Exercise details
Transcribe exactly the lines below that begin at the line with "Bronx Distrito Creativo" and stop after the line with "São Francisco Accommodation", leaving out every picture.

Data shown
-- Opening Marker --
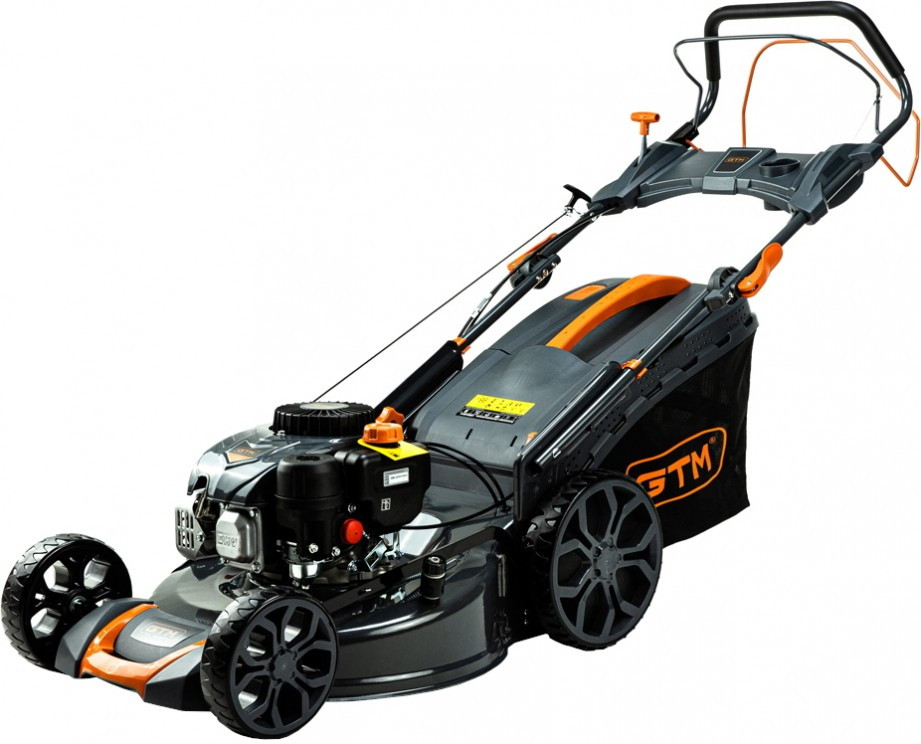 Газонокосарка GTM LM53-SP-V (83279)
-- Closing Marker --
-- Opening Marker --
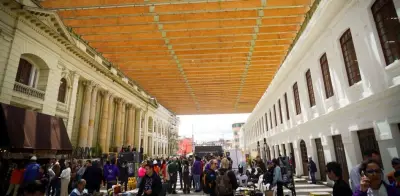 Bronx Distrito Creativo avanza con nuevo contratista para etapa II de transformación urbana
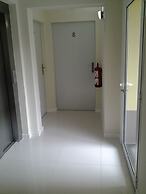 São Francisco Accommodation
-- Closing Marker --
Solution for this problem
 Bronx Distrito Creativo avanza con nuevo contratista para etapa II de transformación urbana
 São Francisco Accommodation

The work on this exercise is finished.